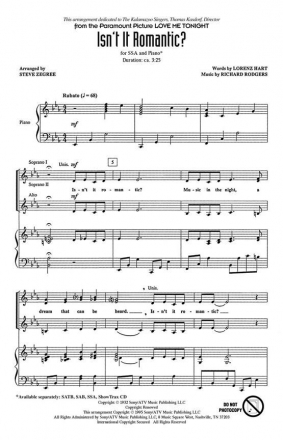 Lorenz Hart, Isn't It Romantic? SSA Chorpartitur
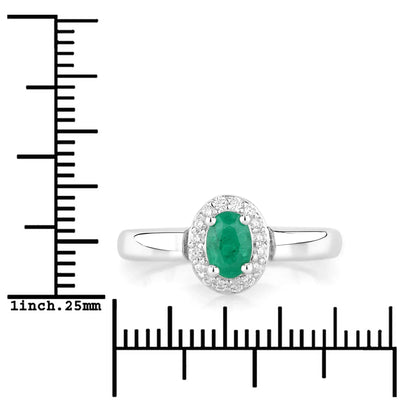 0.44 Ct Oval Green Zambian Emerald & Lab Grown Diamond Prong Silver Halo Engagement Ring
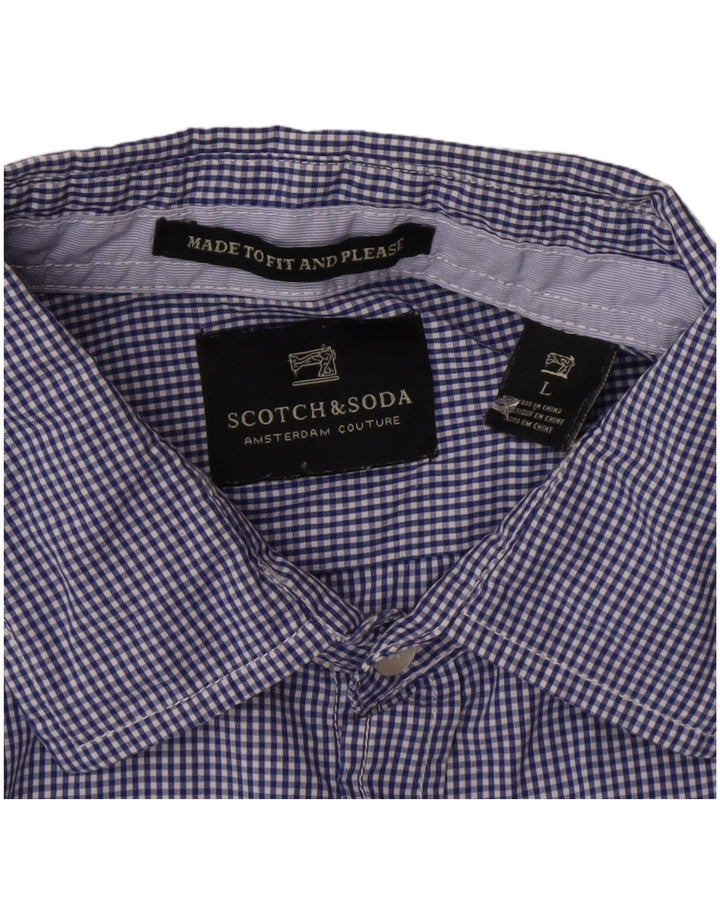 Camicia da uomo Scotch & Soda grande a quadretti blu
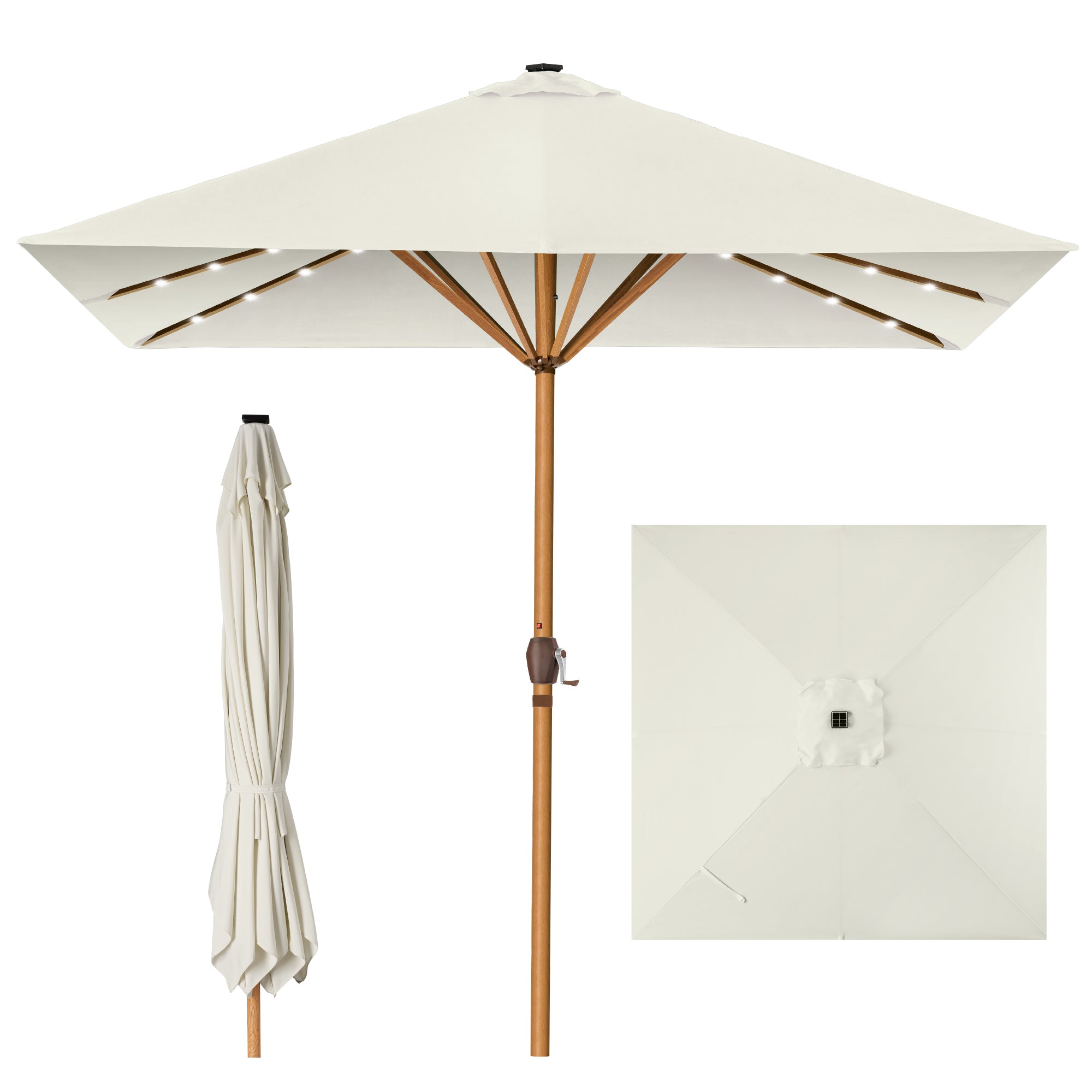 Square Solar LED Lighted Patio Umbrella w/ Woodgrain Pattern - 9ft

## Work required
Every line of the material above must be written out exactly, with no pictures.

## Exercise answer
 Lorenz Hart, Isn't It Romantic? SSA Chorpartitur
 0.44 Ct Oval Green Zambian Emerald & Lab Grown Diamond Prong Silver Halo Engagement Ring
 Camicia da uomo Scotch & Soda grande a quadretti blu
 Square Solar LED Lighted Patio Umbrella w/ Woodgrain Pattern - 9ft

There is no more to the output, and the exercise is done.